- Chip Bench
- Pages
- Benchmarking Guide
Benchmarking Guide
This benchmarking guide is dynamic and will be updated as the usage and capabilities of AI accelerators evolve. The objective is to capture the comparative performance and economics of accelerators in commercially representative settings. Inevitably this involves subjectivity. While ChipBench retains full discretion in defining benchmarks, accelerator manufacturers are encouraged to provide input and recommendations on this guide.
Accelerator Coverage
In choosing accelerators to benchmark, significant weight is given to those accelerators being available to the median developer on-demand.
Initial Coverage: | ||
---|---|---|
Nvidia | H100 SXM | H200 SXM |
AMD | MI300X | |
Google TPUs | v6e-8 |
Upcoming: | ||
---|---|---|
Trainium | TRN1 | INF2 |
Nvidia | B200 |
The following accelerators are also being researched:
Intel Gaudi family
Trainium 2 - capacity is currently unavailable.
Use Cases
ChipBench aims to provide coverage of one primary use case, as well as limited coverage of secondary use case.
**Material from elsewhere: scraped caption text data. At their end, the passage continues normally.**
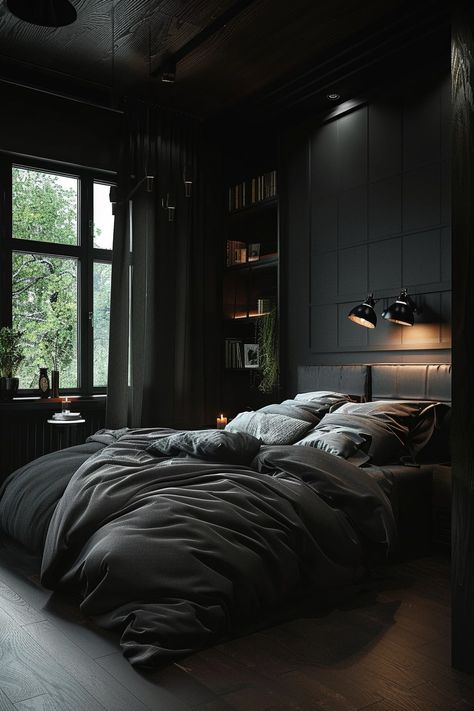 12 Dark Modern Bedroom Interior Ideas You Will Love! - My Decor Inspo Bedroom Black Asthetics, Dark Moody Small Apartment, Black Bedsheets Bedroom, Black House Bedroom, Scorpio Bedroom Aesthetic, Dark Minimal Bedroom, Dark Aesthetic House Interiors, Black Bedroom Ideas Elegant, Rich Bedroom Luxury Black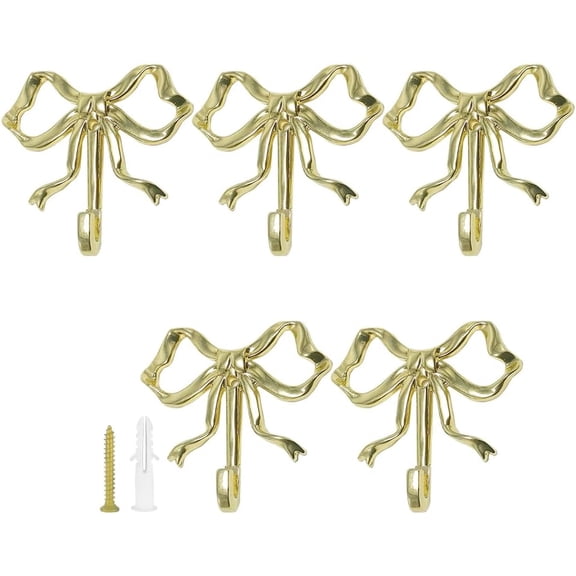 CATPAN 5Pcs Bow Wall Hooks - CATPAN Gold Decorative Coat/Towel Hooks for Bathroom, Bowknot Hangers with Screws, Alloy Cute Shower Curtain & Robe Hook, Heavy Duty Home Decor (Gold)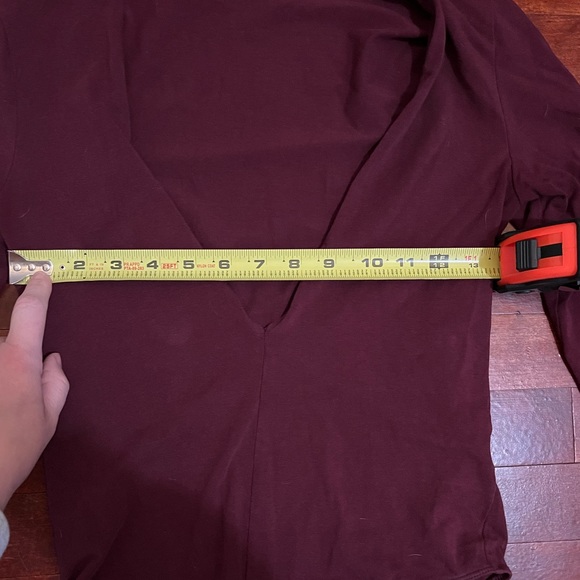 Express One Eleven Low Cut Thong BodySuit Burgundy Size Small - Picture 5 of 6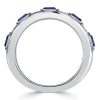 Stone Blue Sapphire Half Eternity Wedding Band in Sterling Silver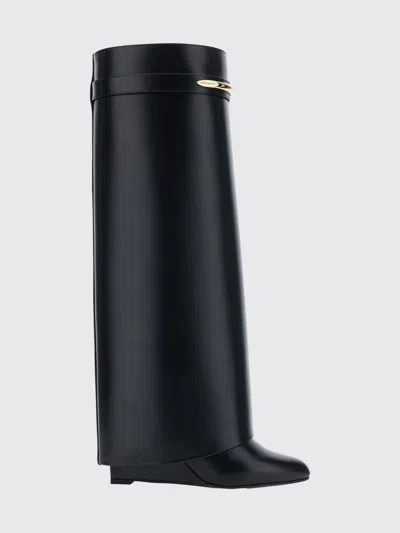Givenchy Women Black Sandals With Logo Plaque On The Front And High Wedge Heel In Leather Woman In Black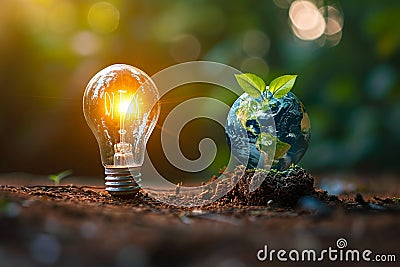 Financial ecology Light bulb, globe, and small tree symbolize business energy Stock Photo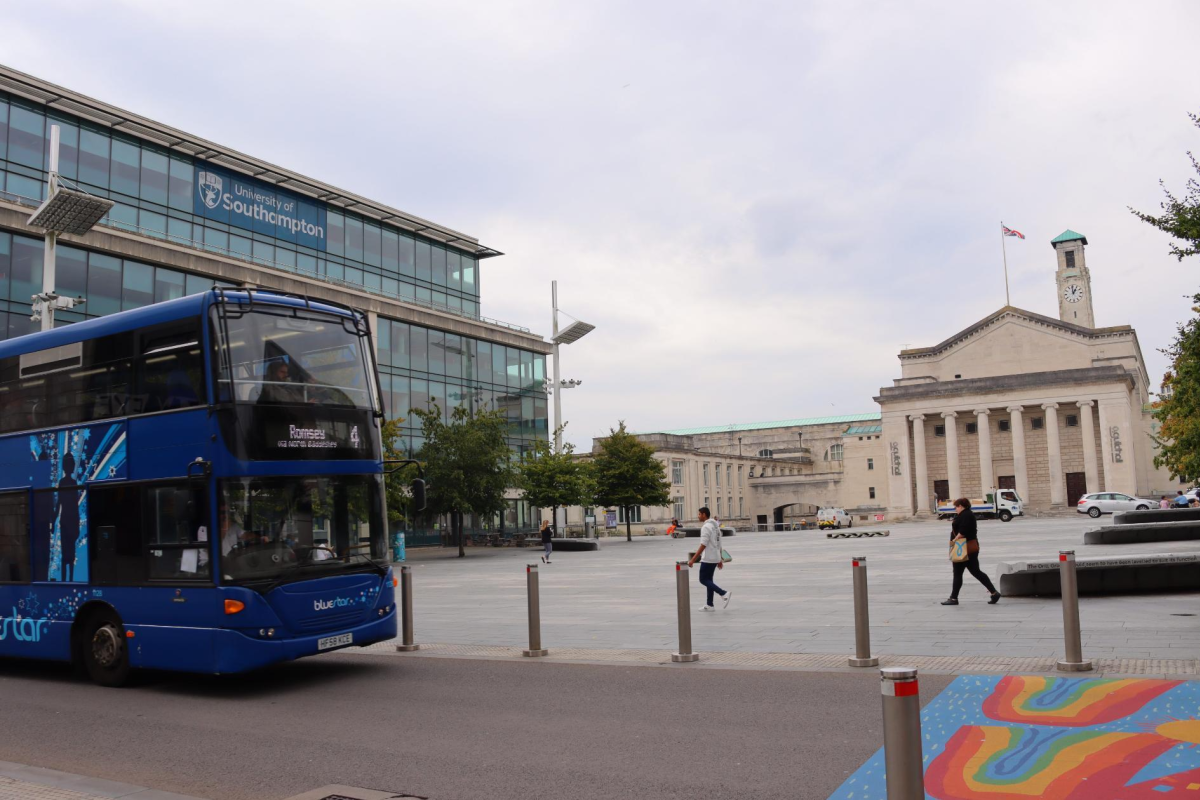 Bluestar Bus driving past guildhall Square
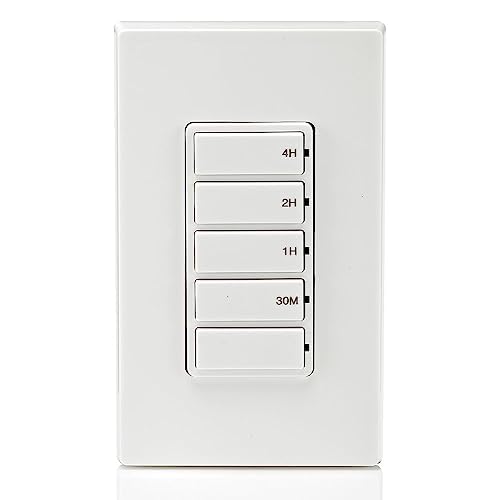 Leviton Countdown Switch for lights, attic, heaters, pool pumps, 30 min, 1-2-4 hour, Neutral Wire Required, 20A, 1 HP/16A Fan/Motor, Single Pole, Multi-Way or Multi-Timer, DT204-1LW, White - style: 1-2-4 hour, Neutral Wire Required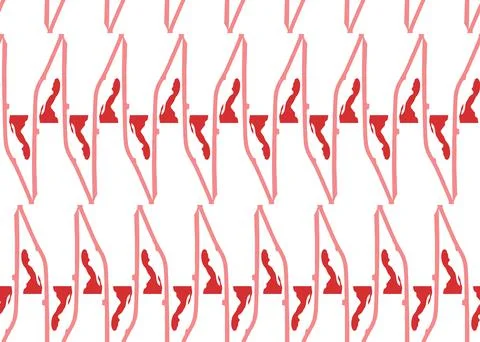 Vector texture background, seamless pattern. Hand drawn, red, white colors. Stock Illustration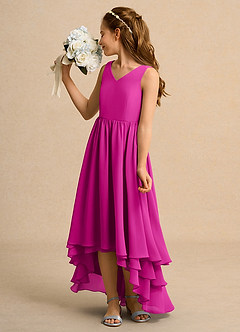 Azazie Kitten Girl vestidos de niña de las flores Vestido de Fucsia de Gasa de Corte En A image5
Currently ChipBench is focused on Inference applications, with plans to expand to training in the future.
Non-reasoning
Parameter | Value |
---|---|
Input length | tokens | 1,000 ± 50 |
Output length | tokens | 1,000 ± 50 |
Reasoning
Parameter | Value |
---|---|
Input length | tokens | 1,000 ± 50 |
Output length | tokens | 5,000 ± 250 |
Notes:
Values above are approximately based on discussions with inference and hardware providers and subject to change.
Benchmarking Library
Benchmarking is performed with llm-perf with:
random input sequences of text (except in the case of the long-context benchmark with repeated inputs).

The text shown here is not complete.